8- MICHAEL SULLIVAN / “ROAD TO PERDITION”

Tom Hanks ismi zaten başlı başına içimizde bir sevgi yaratıyorken bir de evladı için çabalayan baba Tom Hanks… Ah kalbimiz! 2002 yapımı Sam Mendes filmi “Road to Perdition”, insanın başına ne gelirse ya meraktan ya da olur olmadık yerleri gözetleyip cinayet görmekten gelir mottosundan yola çıkarak, cinayete şahitlik eden oğlunu kaçırıp korumaya çalışan tetikçi Michael Sullivan’ın hikayesini konu alıyor. Fedakâr baba olmasının yanı sıra benim için Michael Sullivan’ı özel yapan şey ise, Tom Hanks’i sert adam kabında izlememize vesile olması. Bir baba çocuğu için neler yapabilir, ne kadar ileri gidebilir?

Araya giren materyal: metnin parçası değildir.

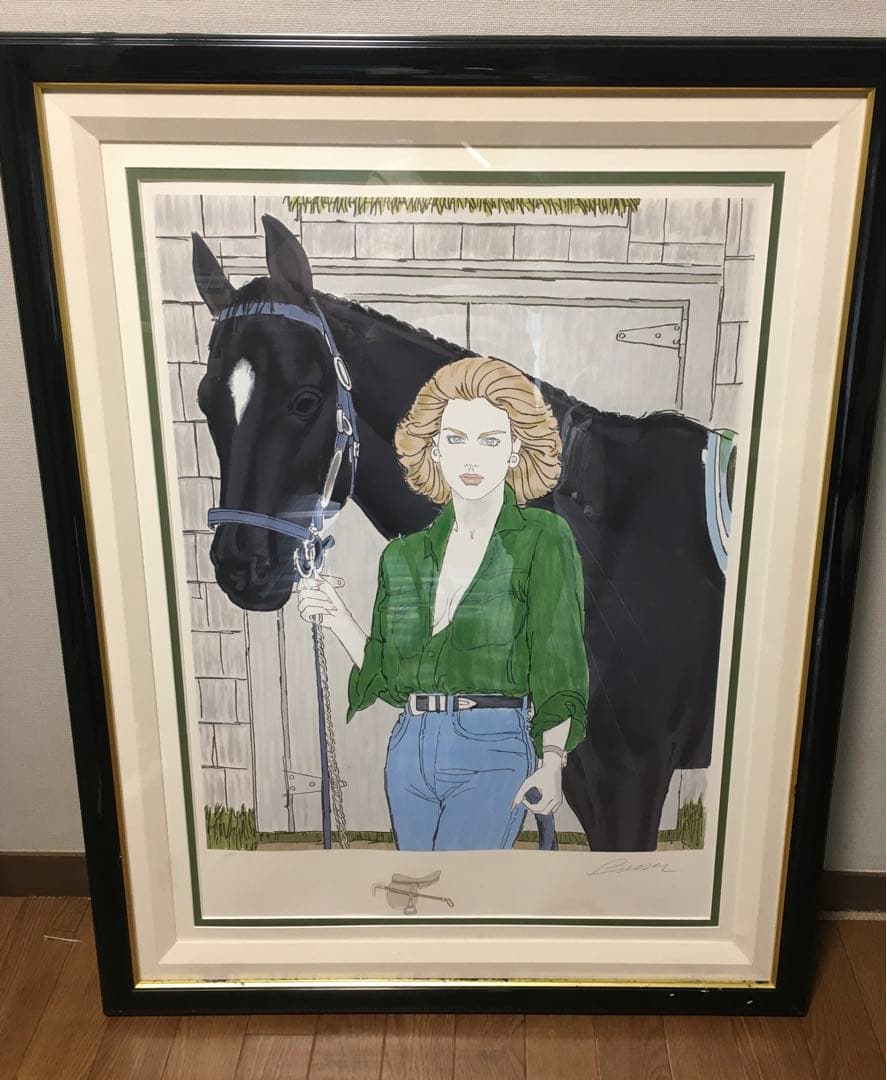 Roy Besser リトグラフ　厩舎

Michael Sullivan size tatmin edici bir cevap verecektir.
9- CHRIS GARDNER / “THE PURSUIT OF HAPPYNESS”

Chris Gardner’ın aynı isimli otobiyografik romanından 2006 senesinde Gabriele Muccino tarafından beyaz perdeye uyarlanan “The Pursuit of Happyness”, “E daha bu baba ne yapsın çocuğu için?” dedirtiyor biz izleyicilere. İş hayatı tepetaklak olan ve karısı tarafından terk edilen Chris’in, oğlu Christopher için sonu gelmez çabalamalarını ve fedakarlıklarını 1 saat 57 dakikada içimizi çeke çeke izliyoruz. Filmle ilgili ufak bir tatlılık ise baba oğlu, gerçek baba oğul Will ve Jaden Smith’in canlandırması. Koca yürekli cefakâr baba Chris Gardner seni de unutmayacağız!
10- DANIEL PLAINVIEW / “THERE WILL BE BLOOD”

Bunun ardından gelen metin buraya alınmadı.